Input data Start Marker

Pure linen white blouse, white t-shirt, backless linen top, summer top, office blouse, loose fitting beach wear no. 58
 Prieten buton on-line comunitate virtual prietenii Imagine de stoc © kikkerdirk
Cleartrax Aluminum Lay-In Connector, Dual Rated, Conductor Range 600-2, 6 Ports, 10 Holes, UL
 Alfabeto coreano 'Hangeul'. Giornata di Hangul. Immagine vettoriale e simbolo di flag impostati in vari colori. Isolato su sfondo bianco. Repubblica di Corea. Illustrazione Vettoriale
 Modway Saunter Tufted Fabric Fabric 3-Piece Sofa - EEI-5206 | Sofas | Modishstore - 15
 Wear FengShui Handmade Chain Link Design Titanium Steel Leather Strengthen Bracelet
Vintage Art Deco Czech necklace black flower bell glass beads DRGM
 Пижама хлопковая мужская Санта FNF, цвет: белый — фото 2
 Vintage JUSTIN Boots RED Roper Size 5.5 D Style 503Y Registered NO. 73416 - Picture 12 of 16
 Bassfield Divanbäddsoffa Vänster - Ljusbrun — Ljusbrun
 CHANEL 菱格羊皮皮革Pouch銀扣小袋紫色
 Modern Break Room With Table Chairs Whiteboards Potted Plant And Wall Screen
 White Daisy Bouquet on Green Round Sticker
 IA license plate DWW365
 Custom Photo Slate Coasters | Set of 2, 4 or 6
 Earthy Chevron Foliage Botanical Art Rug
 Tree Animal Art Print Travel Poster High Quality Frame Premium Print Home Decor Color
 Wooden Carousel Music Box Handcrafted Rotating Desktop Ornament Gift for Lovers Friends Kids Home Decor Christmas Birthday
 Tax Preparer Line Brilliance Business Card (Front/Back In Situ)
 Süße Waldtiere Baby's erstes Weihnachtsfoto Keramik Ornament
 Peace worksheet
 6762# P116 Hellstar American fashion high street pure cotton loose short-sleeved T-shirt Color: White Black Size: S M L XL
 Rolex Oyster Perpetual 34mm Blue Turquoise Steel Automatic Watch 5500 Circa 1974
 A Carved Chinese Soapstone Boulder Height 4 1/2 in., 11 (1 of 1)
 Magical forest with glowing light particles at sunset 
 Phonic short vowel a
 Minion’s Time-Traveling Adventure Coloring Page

Input data End Marker

◆ Your goal: Write out all the records above one more time, exactly.

◆ Response area:
Pure linen white blouse, white t-shirt, backless linen top, summer top, office blouse, loose fitting beach wear no. 58
 Prieten buton on-line comunitate virtual prietenii Imagine de stoc © kikkerdirk
Cleartrax Aluminum Lay-In Connector, Dual Rated, Conductor Range 600-2, 6 Ports, 10 Holes, UL
 Alfabeto coreano 'Hangeul'. Giornata di Hangul. Immagine vettoriale e simbolo di flag impostati in vari colori. Isolato su sfondo bianco. Repubblica di Corea. Illustrazione Vettoriale
 Modway Saunter Tufted Fabric Fabric 3-Piece Sofa - EEI-5206 | Sofas | Modishstore - 15
 Wear FengShui Handmade Chain Link Design Titanium Steel Leather Strengthen Bracelet
Vintage Art Deco Czech necklace black flower bell glass beads DRGM
 Пижама хлопковая мужская Санта FNF, цвет: белый — фото 2
 Vintage JUSTIN Boots RED Roper Size 5.5 D Style 503Y Registered NO. 73416 - Picture 12 of 16
 Bassfield Divanbäddsoffa Vänster - Ljusbrun — Ljusbrun
 CHANEL 菱格羊皮皮革Pouch銀扣小袋紫色
 Modern Break Room With Table Chairs Whiteboards Potted Plant And Wall Screen
 White Daisy Bouquet on Green Round Sticker
 IA license plate DWW365
 Custom Photo Slate Coasters | Set of 2, 4 or 6
 Earthy Chevron Foliage Botanical Art Rug
 Tree Animal Art Print Travel Poster High Quality Frame Premium Print Home Decor Color
 Wooden Carousel Music Box Handcrafted Rotating Desktop Ornament Gift for Lovers Friends Kids Home Decor Christmas Birthday
 Tax Preparer Line Brilliance Business Card (Front/Back In Situ)
 Süße Waldtiere Baby's erstes Weihnachtsfoto Keramik Ornament
 Peace worksheet
 6762# P116 Hellstar American fashion high street pure cotton loose short-sleeved T-shirt Color: White Black Size: S M L XL
 Rolex Oyster Perpetual 34mm Blue Turquoise Steel Automatic Watch 5500 Circa 1974
 A Carved Chinese Soapstone Boulder Height 4 1/2 in., 11 (1 of 1)
 Magical forest with glowing light particles at sunset 
 Phonic short vowel a
 Minion’s Time-Traveling Adventure Coloring Page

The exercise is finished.